First-order Adversarial Vulnerability of Neural Networks and Input
Dimension
Carl-Johann Simon-Gabriel
and
Yann Ollivier
and
Léon Bottou
and
Bernhard Schölkopf
and
David Lopez-Paz
arXiv e-Print archive - 2018 via arXiv
Keywords:
stat.ML, cs.CV, cs.LG, 68T45, I.2.6
First published: 2018/02/05 (6 years ago) Abstract: Over the past few years, neural networks were proven vulnerable to
adversarial images: targeted but imperceptible image perturbations lead to
drastically different predictions.
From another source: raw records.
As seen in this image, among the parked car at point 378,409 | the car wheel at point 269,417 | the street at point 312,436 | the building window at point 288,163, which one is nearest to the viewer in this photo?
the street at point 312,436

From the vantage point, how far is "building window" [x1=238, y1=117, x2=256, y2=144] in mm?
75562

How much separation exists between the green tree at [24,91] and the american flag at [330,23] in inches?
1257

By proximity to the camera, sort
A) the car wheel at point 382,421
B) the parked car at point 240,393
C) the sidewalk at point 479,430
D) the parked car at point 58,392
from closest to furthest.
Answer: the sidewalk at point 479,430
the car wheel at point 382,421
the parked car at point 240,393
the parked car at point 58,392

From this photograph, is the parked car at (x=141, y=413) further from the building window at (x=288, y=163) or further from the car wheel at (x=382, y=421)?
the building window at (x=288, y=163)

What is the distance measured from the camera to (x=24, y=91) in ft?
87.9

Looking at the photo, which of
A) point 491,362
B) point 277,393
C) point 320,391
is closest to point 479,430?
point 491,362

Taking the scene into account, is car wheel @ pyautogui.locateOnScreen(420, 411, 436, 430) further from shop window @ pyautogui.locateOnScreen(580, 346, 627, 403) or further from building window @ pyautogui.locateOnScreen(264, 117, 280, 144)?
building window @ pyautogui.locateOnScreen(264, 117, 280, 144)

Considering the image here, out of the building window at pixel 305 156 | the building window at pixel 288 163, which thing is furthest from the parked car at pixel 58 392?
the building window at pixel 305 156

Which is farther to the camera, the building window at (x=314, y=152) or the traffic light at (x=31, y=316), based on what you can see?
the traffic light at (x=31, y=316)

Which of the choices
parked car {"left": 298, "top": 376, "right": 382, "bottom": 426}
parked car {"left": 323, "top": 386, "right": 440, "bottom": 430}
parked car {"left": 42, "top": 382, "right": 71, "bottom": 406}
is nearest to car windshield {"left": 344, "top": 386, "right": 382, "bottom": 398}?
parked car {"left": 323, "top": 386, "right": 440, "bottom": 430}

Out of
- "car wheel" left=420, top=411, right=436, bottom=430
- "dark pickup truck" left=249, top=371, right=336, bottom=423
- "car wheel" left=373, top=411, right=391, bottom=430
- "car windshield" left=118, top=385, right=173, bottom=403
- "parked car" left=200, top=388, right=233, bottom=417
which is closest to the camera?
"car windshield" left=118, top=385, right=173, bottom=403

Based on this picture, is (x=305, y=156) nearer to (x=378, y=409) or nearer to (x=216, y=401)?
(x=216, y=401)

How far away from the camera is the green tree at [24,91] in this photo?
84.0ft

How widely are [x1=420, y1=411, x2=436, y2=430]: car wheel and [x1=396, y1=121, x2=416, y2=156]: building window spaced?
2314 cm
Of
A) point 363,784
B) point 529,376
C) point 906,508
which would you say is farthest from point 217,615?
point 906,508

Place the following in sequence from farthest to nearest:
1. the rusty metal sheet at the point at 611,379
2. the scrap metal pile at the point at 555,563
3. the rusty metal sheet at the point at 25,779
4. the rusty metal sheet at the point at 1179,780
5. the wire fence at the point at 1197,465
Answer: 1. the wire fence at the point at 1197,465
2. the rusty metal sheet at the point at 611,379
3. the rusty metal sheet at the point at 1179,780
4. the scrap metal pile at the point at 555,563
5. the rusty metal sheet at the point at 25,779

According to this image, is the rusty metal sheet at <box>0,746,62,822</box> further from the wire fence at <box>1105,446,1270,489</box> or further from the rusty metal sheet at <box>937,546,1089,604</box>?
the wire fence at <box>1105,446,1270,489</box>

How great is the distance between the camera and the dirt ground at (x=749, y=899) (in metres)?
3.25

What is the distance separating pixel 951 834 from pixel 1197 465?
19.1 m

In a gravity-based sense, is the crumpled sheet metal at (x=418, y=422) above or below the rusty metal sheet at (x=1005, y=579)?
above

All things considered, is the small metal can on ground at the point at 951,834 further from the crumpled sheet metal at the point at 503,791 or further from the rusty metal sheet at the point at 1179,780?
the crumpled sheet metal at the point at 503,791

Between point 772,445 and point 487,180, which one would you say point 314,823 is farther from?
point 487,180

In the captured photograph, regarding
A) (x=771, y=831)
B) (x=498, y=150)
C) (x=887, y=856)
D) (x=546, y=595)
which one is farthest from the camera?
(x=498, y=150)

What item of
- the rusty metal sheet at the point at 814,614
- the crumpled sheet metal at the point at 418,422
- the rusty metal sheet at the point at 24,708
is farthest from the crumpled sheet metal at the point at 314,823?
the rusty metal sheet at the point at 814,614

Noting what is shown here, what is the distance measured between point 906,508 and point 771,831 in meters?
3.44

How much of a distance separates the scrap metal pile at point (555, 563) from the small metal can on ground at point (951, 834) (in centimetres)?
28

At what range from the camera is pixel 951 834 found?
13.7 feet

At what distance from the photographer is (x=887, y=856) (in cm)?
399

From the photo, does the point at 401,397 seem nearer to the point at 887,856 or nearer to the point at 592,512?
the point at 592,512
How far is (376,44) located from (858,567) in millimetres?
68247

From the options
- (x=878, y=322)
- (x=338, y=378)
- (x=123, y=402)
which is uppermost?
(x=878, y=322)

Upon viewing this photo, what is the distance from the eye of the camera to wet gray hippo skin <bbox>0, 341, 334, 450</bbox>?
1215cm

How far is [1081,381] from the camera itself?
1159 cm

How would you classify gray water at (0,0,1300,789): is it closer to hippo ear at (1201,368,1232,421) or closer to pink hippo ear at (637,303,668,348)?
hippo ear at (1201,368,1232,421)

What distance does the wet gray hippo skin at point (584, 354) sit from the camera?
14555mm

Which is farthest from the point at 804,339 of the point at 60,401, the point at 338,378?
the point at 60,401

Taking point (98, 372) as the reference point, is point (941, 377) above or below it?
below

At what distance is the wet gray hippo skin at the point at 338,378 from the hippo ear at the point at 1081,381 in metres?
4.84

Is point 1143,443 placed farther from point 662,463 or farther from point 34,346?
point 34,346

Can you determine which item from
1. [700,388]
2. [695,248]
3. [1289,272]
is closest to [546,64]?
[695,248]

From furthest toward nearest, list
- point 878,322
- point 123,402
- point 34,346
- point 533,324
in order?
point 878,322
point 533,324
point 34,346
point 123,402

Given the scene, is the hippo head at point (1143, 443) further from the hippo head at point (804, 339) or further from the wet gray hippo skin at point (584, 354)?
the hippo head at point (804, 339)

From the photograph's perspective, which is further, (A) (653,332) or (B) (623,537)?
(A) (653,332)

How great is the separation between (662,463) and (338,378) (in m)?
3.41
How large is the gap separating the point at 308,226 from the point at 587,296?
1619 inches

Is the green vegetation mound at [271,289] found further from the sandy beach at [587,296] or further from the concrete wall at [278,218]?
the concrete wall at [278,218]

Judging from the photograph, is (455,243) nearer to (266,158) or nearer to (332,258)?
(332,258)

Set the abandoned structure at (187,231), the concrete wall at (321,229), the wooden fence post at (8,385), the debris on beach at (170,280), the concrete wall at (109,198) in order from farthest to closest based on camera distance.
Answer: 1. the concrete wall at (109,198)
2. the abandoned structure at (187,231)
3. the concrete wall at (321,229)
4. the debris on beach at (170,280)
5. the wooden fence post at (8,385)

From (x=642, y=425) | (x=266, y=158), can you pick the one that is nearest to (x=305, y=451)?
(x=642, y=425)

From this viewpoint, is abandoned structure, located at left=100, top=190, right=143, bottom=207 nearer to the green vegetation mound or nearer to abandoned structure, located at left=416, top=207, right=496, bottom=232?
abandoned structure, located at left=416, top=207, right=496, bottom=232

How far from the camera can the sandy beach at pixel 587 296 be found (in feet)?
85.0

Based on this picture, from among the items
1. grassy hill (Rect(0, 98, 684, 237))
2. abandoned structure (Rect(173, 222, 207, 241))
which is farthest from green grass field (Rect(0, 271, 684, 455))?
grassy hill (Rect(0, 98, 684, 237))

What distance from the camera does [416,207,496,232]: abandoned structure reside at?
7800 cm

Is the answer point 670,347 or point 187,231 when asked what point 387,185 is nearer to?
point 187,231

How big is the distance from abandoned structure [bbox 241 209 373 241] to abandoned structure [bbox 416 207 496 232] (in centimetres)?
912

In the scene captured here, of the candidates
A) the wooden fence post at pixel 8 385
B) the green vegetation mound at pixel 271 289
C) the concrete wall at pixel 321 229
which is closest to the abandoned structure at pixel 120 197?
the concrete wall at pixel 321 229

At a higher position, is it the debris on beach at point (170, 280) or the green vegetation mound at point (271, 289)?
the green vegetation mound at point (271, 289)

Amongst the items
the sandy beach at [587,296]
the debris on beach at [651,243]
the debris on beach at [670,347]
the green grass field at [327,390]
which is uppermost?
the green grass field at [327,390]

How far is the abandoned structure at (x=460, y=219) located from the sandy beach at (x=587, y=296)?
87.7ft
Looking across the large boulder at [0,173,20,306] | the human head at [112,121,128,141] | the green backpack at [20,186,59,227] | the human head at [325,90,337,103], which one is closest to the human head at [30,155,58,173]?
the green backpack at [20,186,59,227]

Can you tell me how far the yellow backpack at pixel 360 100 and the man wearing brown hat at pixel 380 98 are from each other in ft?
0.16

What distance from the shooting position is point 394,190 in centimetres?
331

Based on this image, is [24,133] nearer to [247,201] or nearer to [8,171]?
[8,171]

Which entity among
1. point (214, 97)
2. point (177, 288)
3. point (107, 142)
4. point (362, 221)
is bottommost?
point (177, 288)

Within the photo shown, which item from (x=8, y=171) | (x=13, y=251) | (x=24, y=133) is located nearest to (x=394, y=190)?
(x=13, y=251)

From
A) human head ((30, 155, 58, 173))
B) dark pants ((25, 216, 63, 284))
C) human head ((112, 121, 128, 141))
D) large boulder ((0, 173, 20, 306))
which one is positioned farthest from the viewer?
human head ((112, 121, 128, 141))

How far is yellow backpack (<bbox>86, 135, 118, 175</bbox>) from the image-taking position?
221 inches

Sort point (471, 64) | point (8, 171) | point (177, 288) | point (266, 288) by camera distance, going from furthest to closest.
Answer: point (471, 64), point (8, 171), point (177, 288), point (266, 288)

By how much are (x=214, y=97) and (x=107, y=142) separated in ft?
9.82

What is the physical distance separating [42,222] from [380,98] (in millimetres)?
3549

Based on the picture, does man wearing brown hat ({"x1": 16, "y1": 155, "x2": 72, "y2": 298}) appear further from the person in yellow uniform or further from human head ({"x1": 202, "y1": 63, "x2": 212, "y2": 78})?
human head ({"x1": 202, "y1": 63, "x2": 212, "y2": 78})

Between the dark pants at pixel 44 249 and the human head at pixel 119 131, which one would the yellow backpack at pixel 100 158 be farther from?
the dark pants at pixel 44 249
We show that adversarial vulnerability
increases with the gradients of the training objective when viewed as a
function of the inputs. Surprisingly, vulnerability does not depend on network
topology: for many standard network architectures, we prove that at
initialization, the $\ell_1$-norm of these gradients grows as the square root
of the input dimension, leaving the networks increasingly vulnerable with
growing image size. We empirically show that this dimension dependence persists
after either usual or robust training, but gets attenuated with higher
regularization.
Simon-Gabriel et al. Study the robustness of neural networks with respect to the input dimensionality. Their main hypothesis is that the vulnerability of neural networks against adversarial perturbations increases with the input dimensionality. To support this hypothesis, they provide a theoretical analysis as well as experiments.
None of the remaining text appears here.